I've been given a good answer that addresses most of my questions nicely. The only part that still puzzles me is how the author was able to immediately write down eqn. $(1)$ in the solution. Is it blatantly obvious that the functional variation, $\delta{S} = \frac12\int d^4x\left[\left(\delta\partial^\mu\phi\right)\partial_\mu{\phi}+\partial^\mu{\phi}\delta\left(\partial_\mu\phi\right)-2m^2\phi\delta\phi\right]$? I had to go through several lines of logical reasoning to justify that equation, including a Taylor expansion.


Closing remarks

With the bounty time reaching its conclusion and my subsequent comments below one of the answers I know there may not be time to address these questions before the bounty ends. So I'll award the bounty regardless of whether I get a reply to these comments.

I would just like to say a massive thanks to all those that took time and effort to write such great answers.

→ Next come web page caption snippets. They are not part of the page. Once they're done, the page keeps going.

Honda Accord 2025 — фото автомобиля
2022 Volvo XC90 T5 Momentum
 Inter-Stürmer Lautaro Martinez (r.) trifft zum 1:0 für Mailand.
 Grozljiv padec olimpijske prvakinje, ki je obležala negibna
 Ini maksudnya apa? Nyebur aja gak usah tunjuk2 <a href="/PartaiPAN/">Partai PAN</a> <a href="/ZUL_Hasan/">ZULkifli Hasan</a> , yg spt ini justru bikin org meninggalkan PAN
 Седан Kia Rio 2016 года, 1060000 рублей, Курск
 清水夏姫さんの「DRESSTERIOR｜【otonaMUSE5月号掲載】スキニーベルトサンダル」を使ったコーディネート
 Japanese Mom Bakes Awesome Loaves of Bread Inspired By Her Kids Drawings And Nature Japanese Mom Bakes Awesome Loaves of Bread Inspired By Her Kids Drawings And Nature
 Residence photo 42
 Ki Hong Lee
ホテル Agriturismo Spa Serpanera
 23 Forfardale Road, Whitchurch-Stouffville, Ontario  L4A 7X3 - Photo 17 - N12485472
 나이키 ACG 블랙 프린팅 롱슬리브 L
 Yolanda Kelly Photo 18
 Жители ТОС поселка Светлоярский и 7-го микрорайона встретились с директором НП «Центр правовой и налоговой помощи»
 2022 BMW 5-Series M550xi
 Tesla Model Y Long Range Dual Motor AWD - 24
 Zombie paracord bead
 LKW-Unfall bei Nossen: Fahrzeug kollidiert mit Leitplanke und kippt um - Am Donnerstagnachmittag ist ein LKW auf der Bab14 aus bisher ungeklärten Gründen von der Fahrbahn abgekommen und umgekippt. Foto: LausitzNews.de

I know I haven't been very good at keeping on top of this question, I just wish I had more time.

Best Answer

We will use the following definition of functional differentiation: \begin{equation} \frac{\delta S}{\delta\phi(y)}=\lim_{\epsilon\to 0}\frac{1}{\epsilon}\left(S[\phi+\epsilon\delta^{(4)}(x-y)]-S[\phi]\right), \end{equation} where $\delta^{(4)}(x-y)$ is the Dirac delta function.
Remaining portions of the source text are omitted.